Events

‘Harishchandra Chāritra’ and the Medieval Shaiva Literary Canon in Kannada

Tuesday, October 16, 2018 - 5:00pm

Foster 103

South Asia Seminar: Vanamala Viswanatha, Azim Premji University

Harishchandra Chāritra, or Harishchandra Kāvya, as more popularly known in Kannada literary culture, (The Life of Harishchandra, Murty Classical Library of India, Harvard University Press, 2017) was written by poet Raghavanka of Hampi in Northern Karnataka, around 1225 CE. Like the mythical, two-headed gaṅḍabhēruṅḍa bird, the insignia of Karnataka kings, that looks back and looks forward at once, this kāvya text of narrative poetry in the mārga/courtly tradition combines in equal measure aspects of the dēsi/vernacular which came to dominate literary production in the ensuing centuries. The talk demonstrates ways in which this shaiva text from the medieval period forges important links with its literary forebears from the Sanskrit kāvya tradition even as it establishes a local habitat for itself in a quintessential Kannada milieu. Drawing from the oral and folk traditions of Kannada, the poet innovates a new metre called shatpadi, which also provides creative expression for the Vaishnava poets in the later centuries.
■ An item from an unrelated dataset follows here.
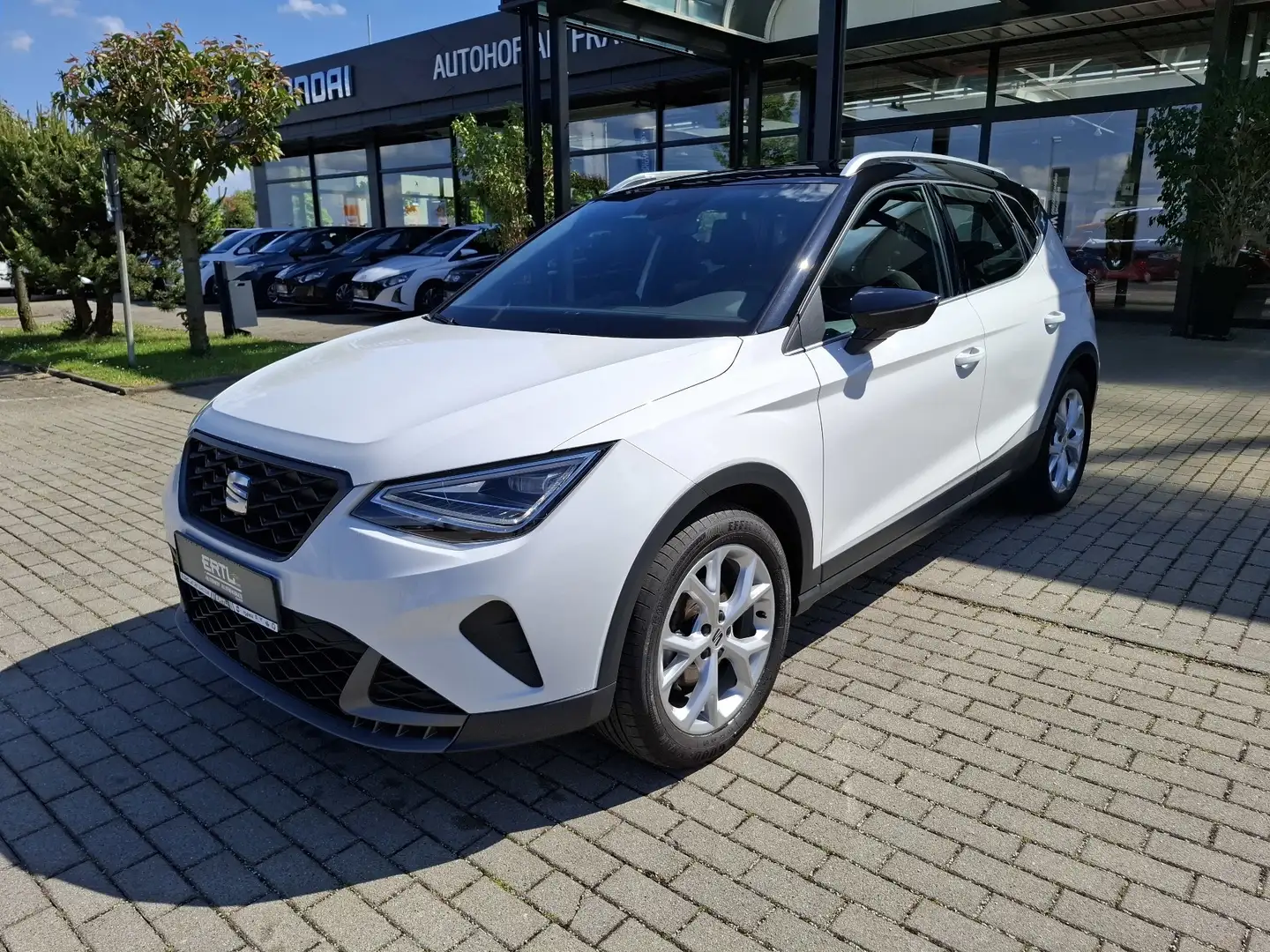 SEAT Arona FR 1.0 TSI 81 kW 110 PS 6-Gang Schwarz - 1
The text becomes a dialogic space in which Kannada and Sanskrit, the classical and the popular/ dēsi, the local and the pan-Indian jostle against each other to gesture towards a poetics that could go beyond its sectarian moorings. I argue that Raghavanka could accomplish this by maintaining a critical distance in terms of ideology, theme, and form from the canonical Virashaiva poets of the earlier century as well as from Harihara, his own guru and contemporary poet.